── SUPPLIED MATERIAL ──

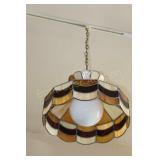 TRACK LIGHT SLAG STAINED GLASS HANGING LAMP
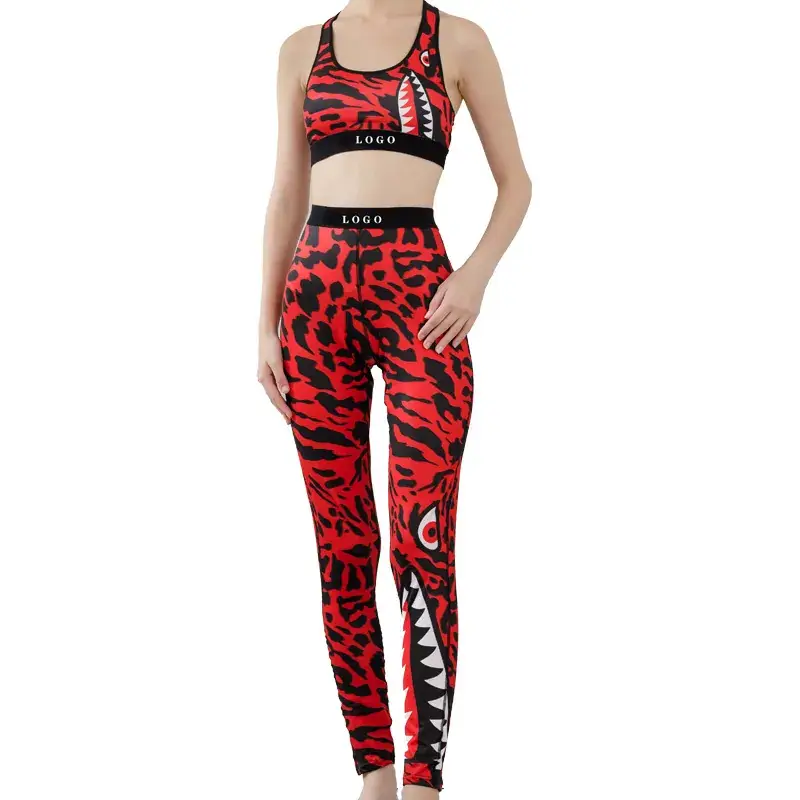 Women's Printed Yoga Bra Suit with Elastic Waistband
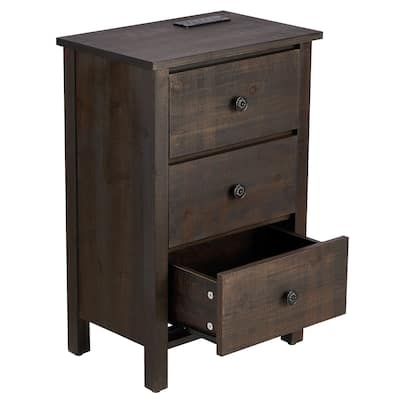 Brown MDF Wood 3-Drawer Bedside Table with Spacious Storage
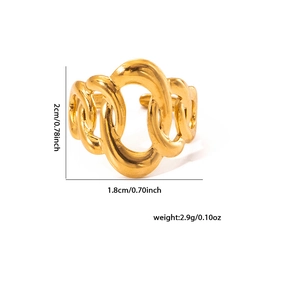 Minimalist irregular geometric 18k gold plated open ring with product size specifications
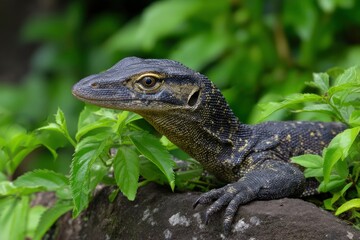 Obraz premium Monitor Lizard on Rock in Jungle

───

**REQUIRED WORK**
Output every entry above exactly as written, but omit the pictures.

**EXERCISE RESPONSE**
 TRACK LIGHT SLAG STAINED GLASS HANGING LAMP
 Women's Printed Yoga Bra Suit with Elastic Waistband
 Brown MDF Wood 3-Drawer Bedside Table with Spacious Storage
 Minimalist irregular geometric 18k gold plated open ring with product size specifications
 Obraz premium Monitor Lizard on Rock in Jungle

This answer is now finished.